# Help me choose between two Cube emtb models



## anfos (May 1, 2021)

Hi - I've been a road cyclist for 6 years and live in a hilly area. I am planning to switch to e-mtb since there are a lot of great trails around here and would benefit from the motor.
I've narrowed it down to two Cube models

1) Cube Reaction Hybrid Performance 400 - 2021
2) Cube Reaction Hybrid Pro 500 - 2021

I'll try to describe what kind of rides I plan to do and hopefully you can help me out with which model to select.
Biggest ride is a ~70km total with ~1300m of elevation or 17km of climbing at 5% grade.

So first concern - is the 500Wh battery of the Pro model enough for such a ride? the whole ride is tarmac, then I plan to descend through the trails so an extra point would go to the Pro model for having the SR Suntour XCM34 fork which can be locked (which I guess would help with the battery range, not sure if the difference is big though?)

I am not planning to do any crazy trail descending, so I am guessing I won't need any upgrades if I select the pro model other than the tires and saddle.

If I select the Performance 400 model I will be able to add another 400 battery and get to the price point of the 500 model - but this one has no lockout fork, EX23 rims vs EX30 (no idea how both perform) and worse components overall.

Then there is the different motor 65nm vs 85nm which I don't know if I need.
Any pointers to help me decide would be appreciated!


----------



## rangeriderdave (Aug 29, 2008)

If you really want to ride trails ,neither . Hybrid's aren't trail bikes ,they are mostly pavement bikes that you can ride on dirt roads. Those forks wouldn't last very long riding off road . As far as battery life ,too many variables to say for sure.


----------



## anfos (May 1, 2021)

I plan to casually descent, wouldn't those bikes be the right ones in that case? nothing racing oriented - and I guess the fork can be upgraded later if needed for something better?


----------



## ozynigma (May 17, 2006)

rangeriderdave said:


> If you really want to ride trails ,neither . Hybrid's aren't trail bikes ,they are mostly pavement bikes that you can ride on dirt roads. Those forks wouldn't last very long riding off road . As far as battery life ,too many variables to say for sure.

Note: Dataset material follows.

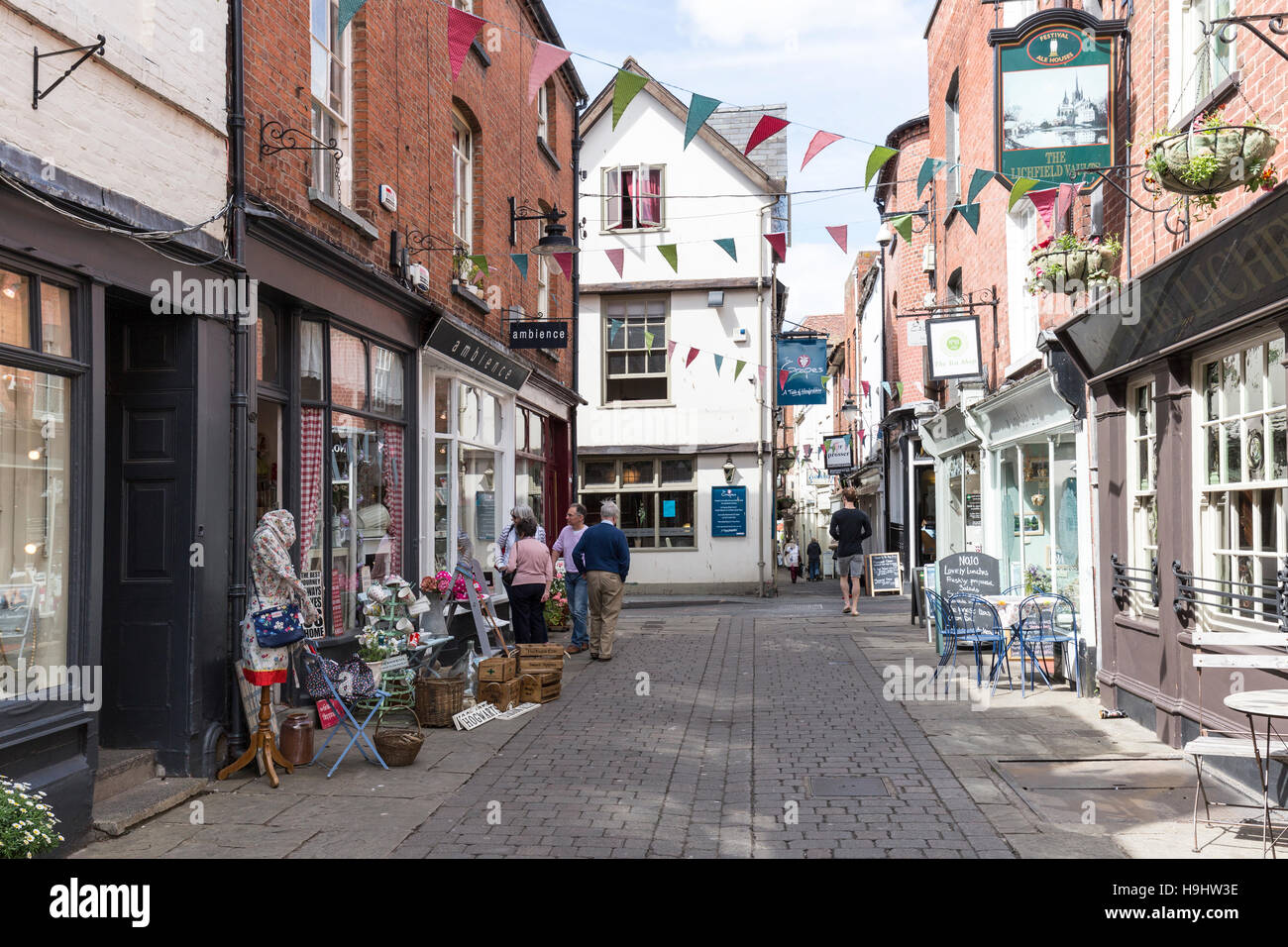 Gasse mit Geschäften, Hereford, Großbritannien Stockfoto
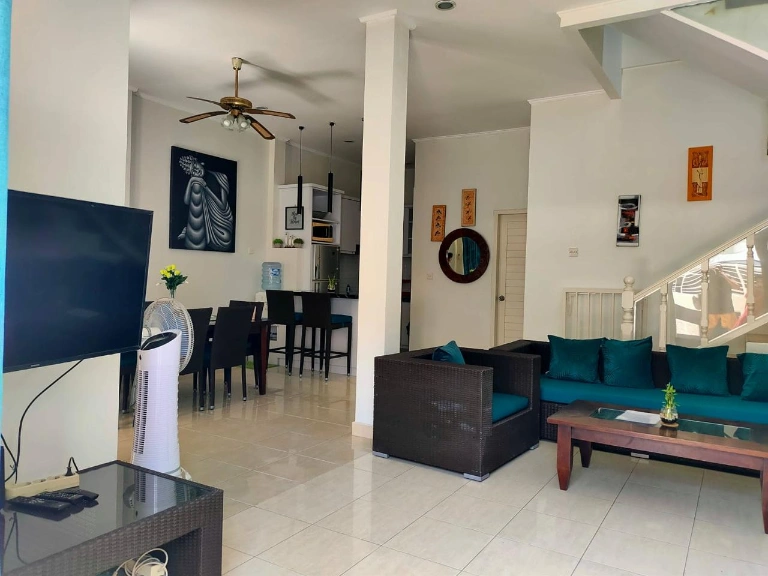 An - for Rent Kontemporer Style Villa in Taman Griya Jimbaran, 3-bed villa for rent in Uluwatu – photo 12 of 15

Hybrid in Cube's naming convention simply means its an ebike, not where you can ride it. The Suntour on the 500 would probably be a reasonable fork for light XC riding, although I would always want a Rockshox or Fox myself.



anfos said:


> I plan to casually descent, wouldn't those bikes be the right ones in that case? nothing racing oriented - and I guess the fork can be upgraded later if needed for something better?


See response above, do Cube have a model above the 500 with better specification on fork and running gear? It might be worth the extra rather than replacing components. I would go the 500 over the 400 based on spec alone.

Personally I am looking at a dual suspension ebike for myself and the Cube Stereo Hybrid 120 ticks a lot of the boxes.


----------